Napster crushed generics only. If even that. When Napster topic comes on, I always ask; give me a band, that had a viable chances of making it (not big, just making it to major label lets say), but got dragged down due to piracy.

There is no such thing. Until you're big nobody cares about you. If you think those few thousand copies, that you can really only sell in your dreams, would earn you $ you're dead wrong. It's better to have exposure, even as an established band, than to hunt down every $0.0003 piece of royalty that 'belongs' to you (that's even debatable).

Bands never relied on record labels only for selling records, but also for promoting their artists.
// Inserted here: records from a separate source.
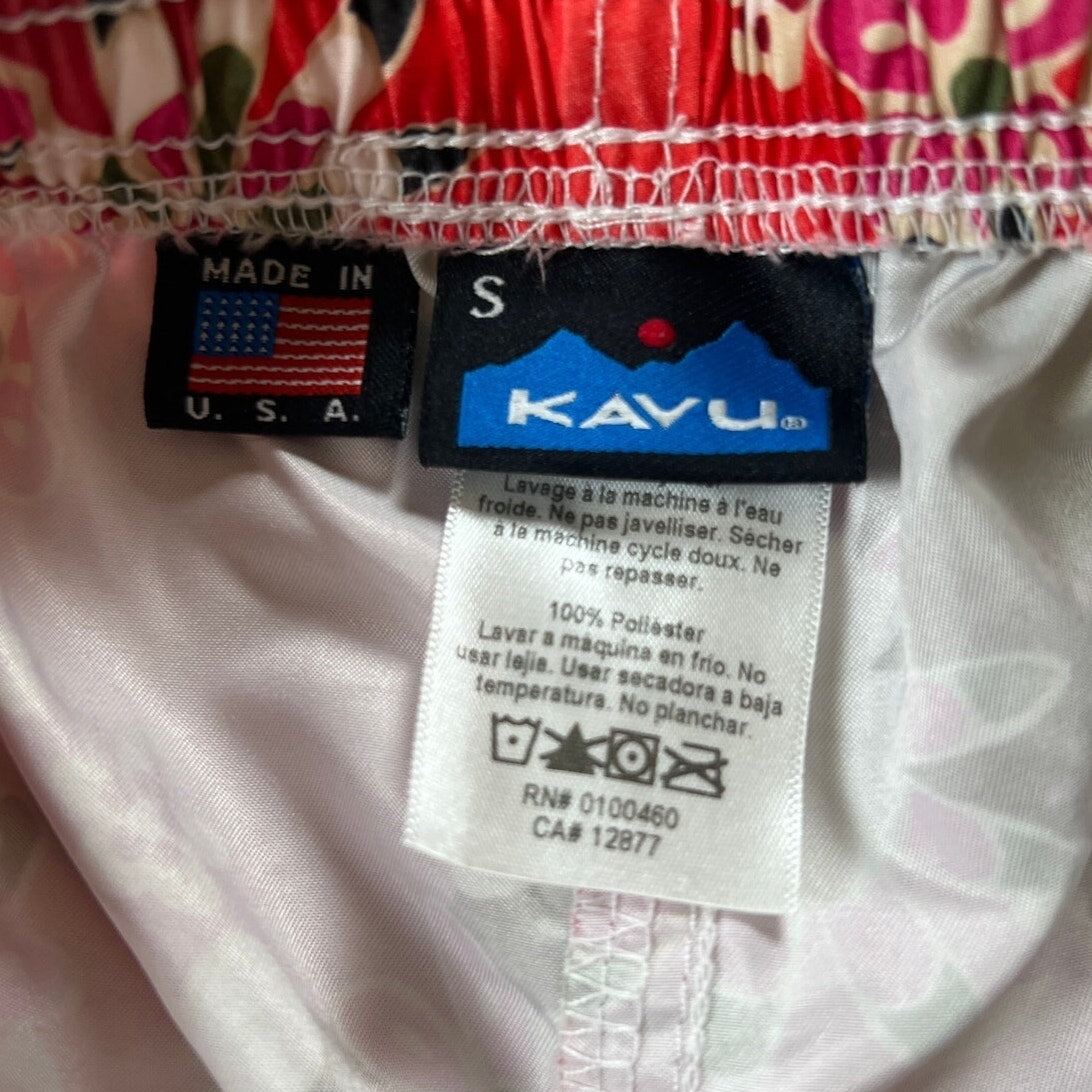 Kavu Red Floral Swim Activewear Shorts Women Size S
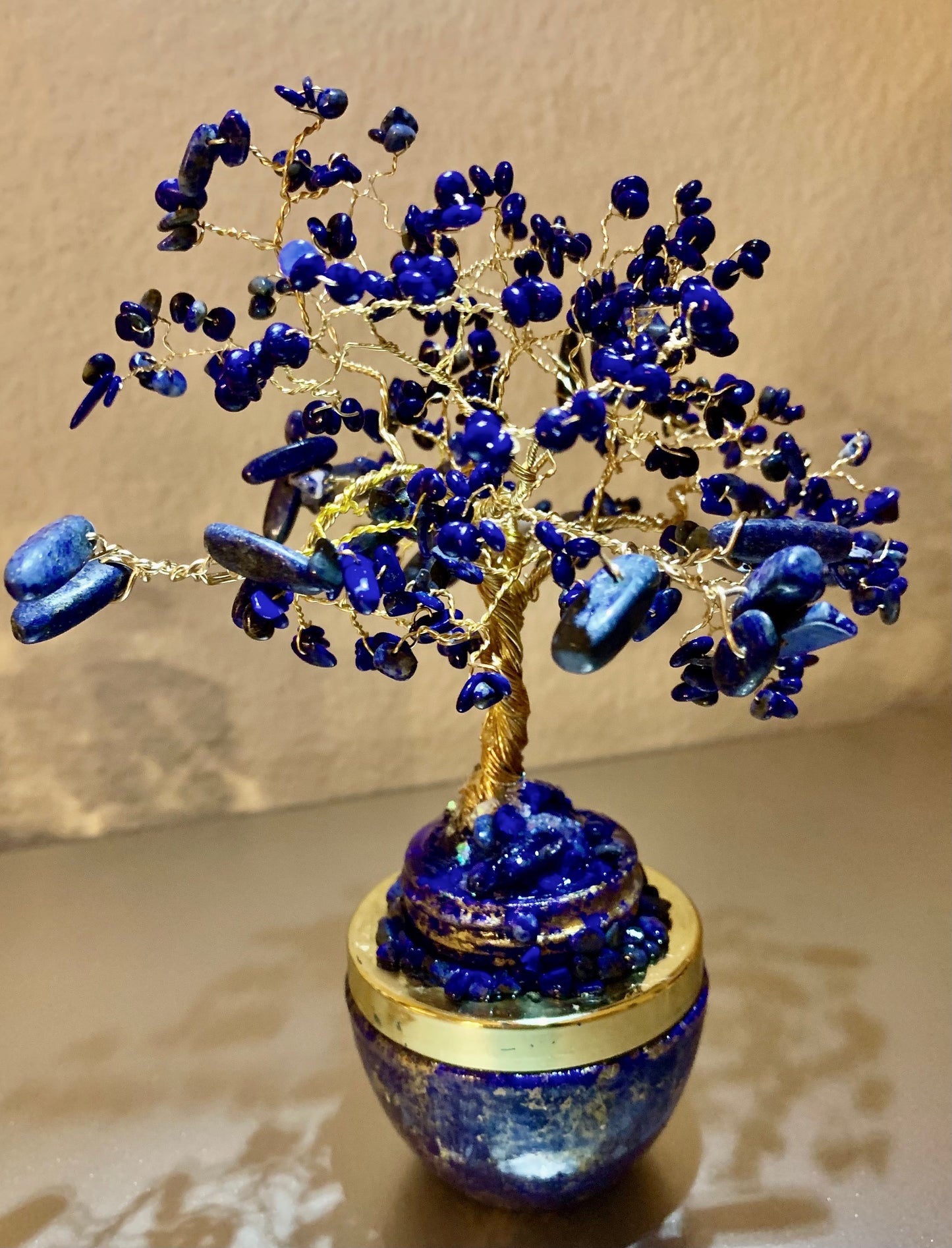 Handmade Lapis Lazuli and Sodalite 8" Gemstone Tree Sculpture in a Painted Glass Pot by Sharmaine Rayner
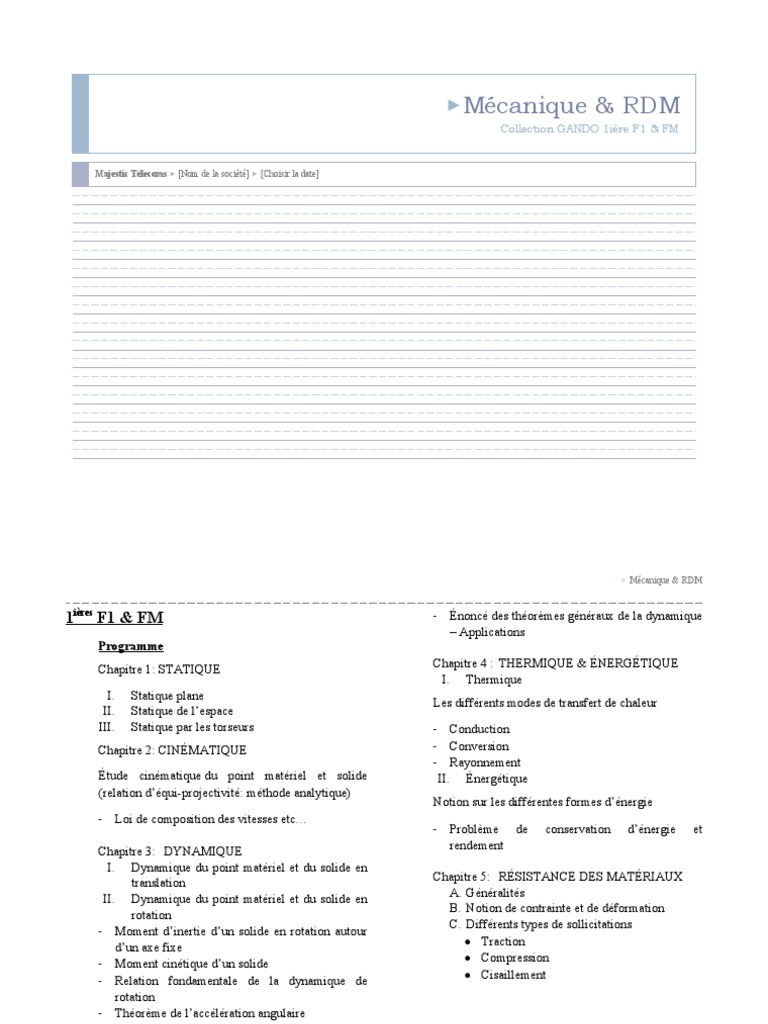 Mécanique et RDM : Statique à Dynamique | PDF | Obliger | Rotation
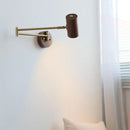 Axyaa Japanese Walnut LED Wall Lamp, Swing Arm Light for Bedroom and Study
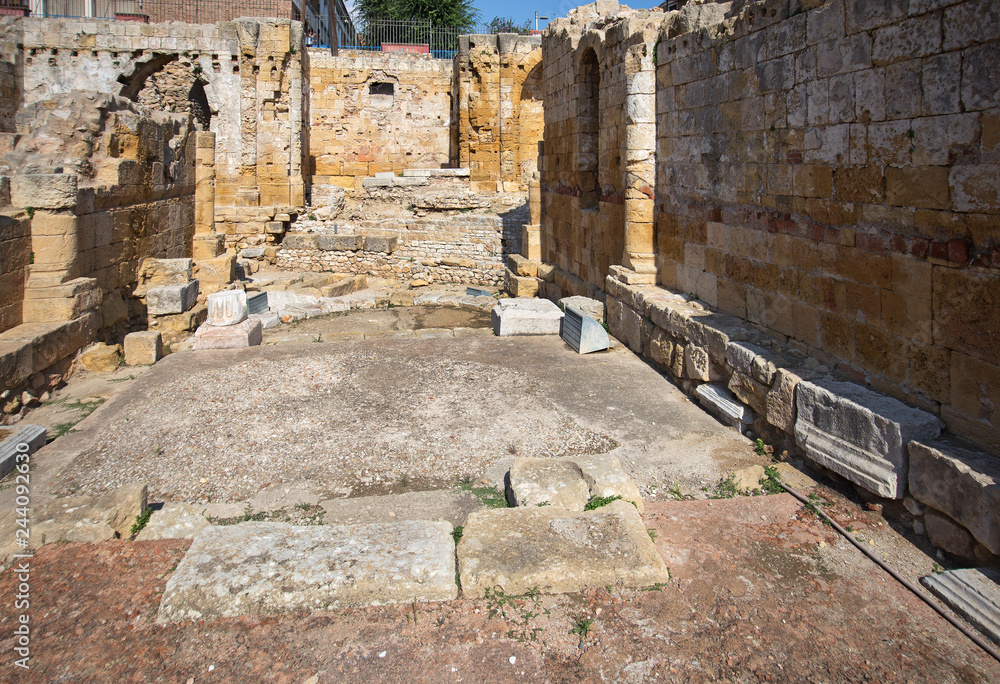 Ruins of medieval church built on Roman amphitheatre arena in Tarragona, Catalonia, Spain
Somebody needs to have heard of a band for them to get anywhere.
 
Yes, definitely. But as communications evolve so must promotion as a thing, discipline, whatever its classification; it's a thing built on top of communications itself, not vice versa. I just feel like they want their 'industry' to stay forever in the golden age, which is absurd. Imagine if horse carriage industry created laws that dictated automobile must behave similar to a horse. What would happen with evolution of road transport in 20th century?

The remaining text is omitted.